Tuesday, August 15, 2006

Feast of Assumption is reminder that love conquers hatred, pope says

By Catholic News Service

CASTEL GANDOLFO, Italy (CNS) -- The feast of Mary's assumption into heaven is a reminder that in the end, love and peace will conquer hatred and violence, Pope Benedict XVI said.

Celebrating an early morning Mass Aug. 15 in the small parish church at Castel Gandolfo and reciting the Angelus at noon with visitors to the papal summer residence, the pope prayed for Mary's intercession for peace in the world.

Mary's assumption, body and soul, into heaven is a divine reassurance that "love, and not hatred, will conquer. Peace will win," the pope told the 200 people crowded into the Church of St. Thomas.

Those inside included Cardinal Angelo Sodano, who is about to retire as Vatican secretary of state, and Msgr. Georg Ratzinger, the pope's older brother, who is staying at the summer residence.

Even though the Mass began at 8 a.m. on a major Italian holiday, the small square shared by the church and the papal villa was filled with people who could not get into the church for the pope's Mass. They watched the Mass on a big screen, and priests were sent out to distribute Communion.

Giving his homily without using a text or notes, Pope Benedict said the saints "are mirrors of God's light" and, particularly in Mary, "we can see his beauty, love and mercy."

"We can venerate Mary because she is blessed ... because she is united with God and lives in God," he said.

"She shows us how we can become blessed," the pope said.

The first, fundamental step is to believe, to have faith in God, he said.

Pope Benedict said the "fear of the Lord" praised by the prophets is not an anguished trembling, but "like children with their father, it is a concern not to destroy love."

Believing is not an intellectual exercise or a matter of thinking profound thoughts, he said. "It is a way of life."

In many cases, the pope said, "if a piece of information is not true, our lives won't change, but if God does not exist, everything changes. If God does not exist, life is empty and has no meaning."

Believing that God exists gives direction to a person's life, he said.

"To believe is to attach ourselves to God, to live in him," he said.

Believing does not mean living free from danger, he said.

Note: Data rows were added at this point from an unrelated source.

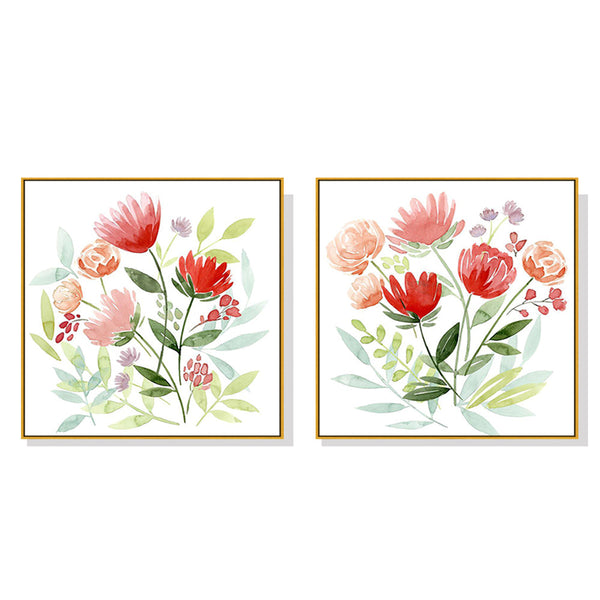 80Cmx80cm Florals 2 Sets Gold Frame Canvas Wall Art
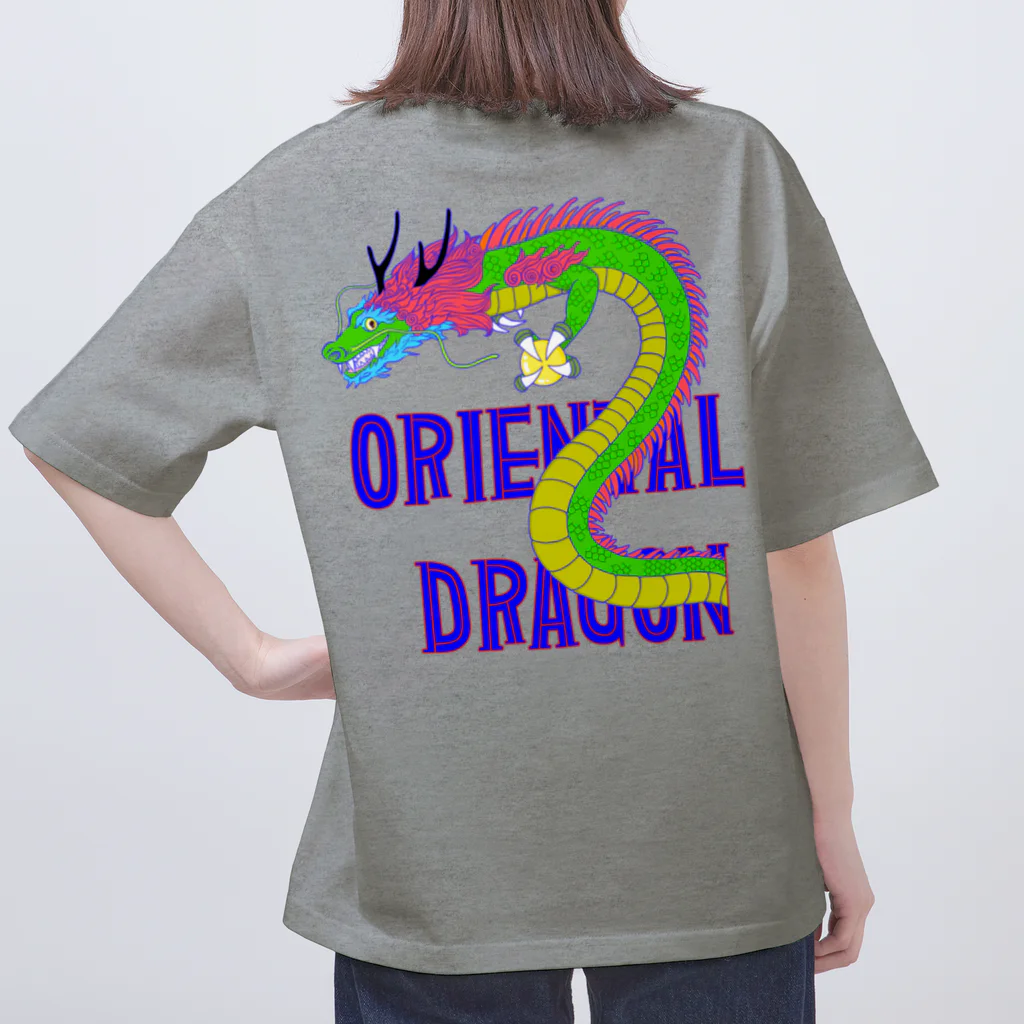 LalaHangeulのORIENTAL DRAGON（龍）英字 バックプリント Oversized T-Shirt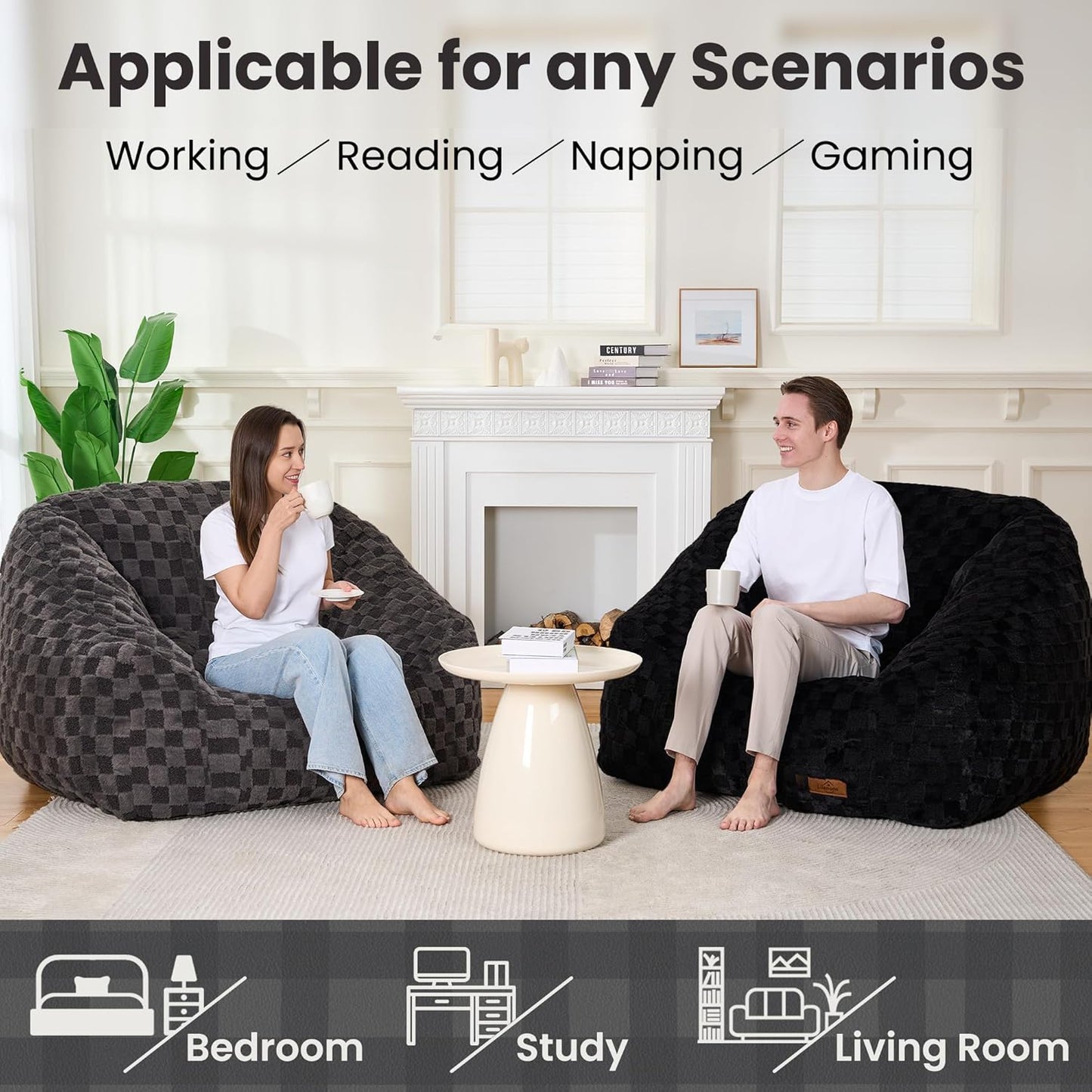 Bean Bag Chairs for Adults, Giant Beanbag Sofa Comfy Reading Chair, Oversized Bean Bag Chairs for Living Room Bedroom, Soft Faux Fur Fabric, 3.2FT, Dark Grey, Checkered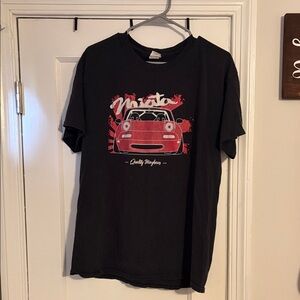 Black T-Shirt with Red Miata Graphic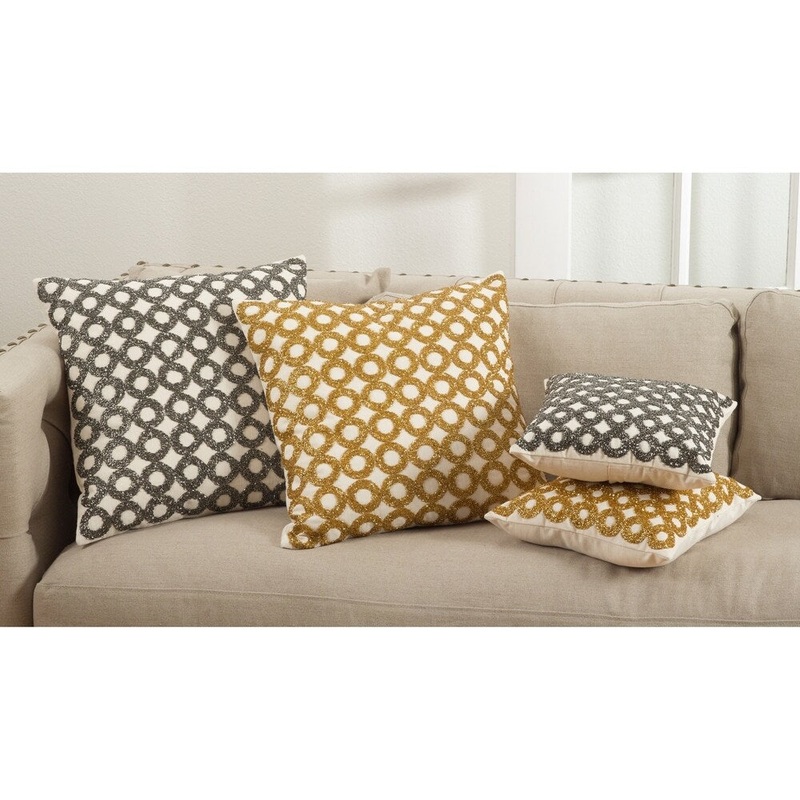 Seren Collection Beaded Design Down Filled Cotton Throw Pillow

In the face of the "dark forces" of the world, it often seems that the church and its members are defenseless, Pope Benedict said. But that should not be surprising, he added.

"God is vulnerable, because love is vulnerable," he said.

During the Mass, the pope prayed "that humanity would know a period of peace."

And during the Angelus later, he said, "to the Queen of Peace, whom we contemplate today in her heavenly glory, I want to entrust once again the worries of humanity for every place in the world torn by violence."

The pope said that in a special way he wanted to join the prayers of Lebanese celebrating the feast at the Shrine of Our Lady of Lebanon in Harissa, north of Beirut, and the prayers of the Catholics of Israel and the Palestinian territories celebrating at the Basilica of the Annunciation in Nazareth.

"My thoughts also go to the dear nation of Sri Lanka, threatened by the deterioration of the ethnic conflict, (and) to Iraq, where the frightening and daily trail of blood lessens the prospects for reconciliation and reconstruction," he said.

Pope Benedict prayed that Mary would help people learn to understand each other and make a commitment to finding agreement.